12.03.2020

Moralkonsum

Wie Unternehmen eine aktivistische Marke aufbauen

Eine Tagung ohne Händeschütteln, dafür mit Livestream: Am GDI Trendtag ging es um Moralkonsum. Die britische Brand-Expertin und Zukunftsforscherin Helen Job erklärte in Rüschlikon, warum Markenaktivismus so gefragt ist und wie Unternehmen vorgehen können.
Moralkonsum: Wie Unternehmen eine aktivistische Marke aufbauen
«Marken haben Macht, Macht bringt grosse Verantwortung mit sich», sagt Helen Job. Sie arbeitet bei der Londoner Agentur CTO. (Bild: GDI/Sandra Blaser)
von Michèle Widmer

Während zahlreiche Events und Veranstaltung wegen des Coronavirus abgesagt oder verschoben werden, hat das Gottlieb Duttweiler Institut seinen Trendtag in Rüschlikon am Mittwoch in Absprache mit dem Kanton Zürich durchgeführt. persoenlich.com hat die Tagung per Livestream mitverfolgt.
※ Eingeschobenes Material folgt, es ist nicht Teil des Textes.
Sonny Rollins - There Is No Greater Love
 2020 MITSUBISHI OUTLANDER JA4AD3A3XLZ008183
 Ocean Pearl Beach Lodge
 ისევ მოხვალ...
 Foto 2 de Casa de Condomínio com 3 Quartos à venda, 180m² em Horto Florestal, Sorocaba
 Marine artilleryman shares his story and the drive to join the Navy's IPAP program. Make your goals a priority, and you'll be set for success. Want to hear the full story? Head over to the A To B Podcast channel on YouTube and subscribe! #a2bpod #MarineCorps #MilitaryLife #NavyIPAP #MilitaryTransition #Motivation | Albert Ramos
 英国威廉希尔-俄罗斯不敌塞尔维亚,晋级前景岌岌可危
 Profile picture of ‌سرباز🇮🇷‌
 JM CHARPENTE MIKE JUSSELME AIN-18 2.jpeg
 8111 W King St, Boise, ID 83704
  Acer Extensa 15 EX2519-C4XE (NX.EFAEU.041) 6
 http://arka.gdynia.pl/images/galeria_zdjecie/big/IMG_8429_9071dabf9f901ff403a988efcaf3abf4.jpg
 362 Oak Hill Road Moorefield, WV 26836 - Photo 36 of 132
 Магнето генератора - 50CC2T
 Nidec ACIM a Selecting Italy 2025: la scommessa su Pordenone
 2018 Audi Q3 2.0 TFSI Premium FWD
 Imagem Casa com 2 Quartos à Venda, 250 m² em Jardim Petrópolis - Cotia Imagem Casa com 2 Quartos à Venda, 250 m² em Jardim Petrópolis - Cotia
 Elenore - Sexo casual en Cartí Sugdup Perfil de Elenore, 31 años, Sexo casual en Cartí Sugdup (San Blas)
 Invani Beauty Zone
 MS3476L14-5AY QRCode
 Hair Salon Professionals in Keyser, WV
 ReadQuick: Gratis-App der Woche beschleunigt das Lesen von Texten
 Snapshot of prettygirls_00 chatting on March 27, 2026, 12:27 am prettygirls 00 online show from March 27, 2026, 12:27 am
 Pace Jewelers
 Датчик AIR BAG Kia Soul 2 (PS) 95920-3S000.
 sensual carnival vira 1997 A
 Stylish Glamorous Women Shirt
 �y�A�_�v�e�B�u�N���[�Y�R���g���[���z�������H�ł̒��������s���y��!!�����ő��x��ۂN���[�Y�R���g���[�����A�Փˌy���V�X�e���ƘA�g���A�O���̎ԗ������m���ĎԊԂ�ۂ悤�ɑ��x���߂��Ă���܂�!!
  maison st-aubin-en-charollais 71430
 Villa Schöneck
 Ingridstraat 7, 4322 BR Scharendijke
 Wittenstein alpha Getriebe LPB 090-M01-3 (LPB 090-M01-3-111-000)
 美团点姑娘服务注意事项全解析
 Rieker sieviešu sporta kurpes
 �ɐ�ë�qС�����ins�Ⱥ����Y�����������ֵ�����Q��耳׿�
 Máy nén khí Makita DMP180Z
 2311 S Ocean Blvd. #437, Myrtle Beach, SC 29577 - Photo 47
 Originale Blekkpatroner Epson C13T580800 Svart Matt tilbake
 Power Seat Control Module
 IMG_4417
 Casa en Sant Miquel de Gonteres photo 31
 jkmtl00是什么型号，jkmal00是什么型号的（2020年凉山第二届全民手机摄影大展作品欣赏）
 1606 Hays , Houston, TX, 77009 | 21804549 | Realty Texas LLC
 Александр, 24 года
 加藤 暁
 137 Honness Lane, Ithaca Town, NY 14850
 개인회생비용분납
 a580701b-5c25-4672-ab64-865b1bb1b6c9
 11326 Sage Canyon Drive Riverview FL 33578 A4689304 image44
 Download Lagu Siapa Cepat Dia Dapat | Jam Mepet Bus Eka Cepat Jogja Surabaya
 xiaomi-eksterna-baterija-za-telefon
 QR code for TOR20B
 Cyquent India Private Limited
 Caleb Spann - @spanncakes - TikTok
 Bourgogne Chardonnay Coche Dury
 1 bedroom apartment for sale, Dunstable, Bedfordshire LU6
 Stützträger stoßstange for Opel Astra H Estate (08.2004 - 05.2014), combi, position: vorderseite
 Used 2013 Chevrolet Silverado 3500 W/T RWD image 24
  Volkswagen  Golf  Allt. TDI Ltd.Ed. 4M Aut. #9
«Wir sind fast schon wie Flüchtlinge im eigenen Land», sagte David Bosshard, CEO des Gottlieb Duttweiler Instituts (GDI), zum Auftakt des Events im Hinblick auf den Coronavirus. Enkelkinder könnten ihre Grosseltern nicht mehr besuchen. Niemand wisse genau, wo es hingehe. «Wir mussten etwas improvisieren, sind aber froh, den Tag so durchführen zu können.» Danach führte Bosshard ins eigentliche Tagesthema ein: Moralkonsum. Kunden fällen ihre Kaufentscheide immer stärker aus Überzeugung. Marken müssen eindeutig Stellung beziehen, sonst drohen Proteste oder Boykott.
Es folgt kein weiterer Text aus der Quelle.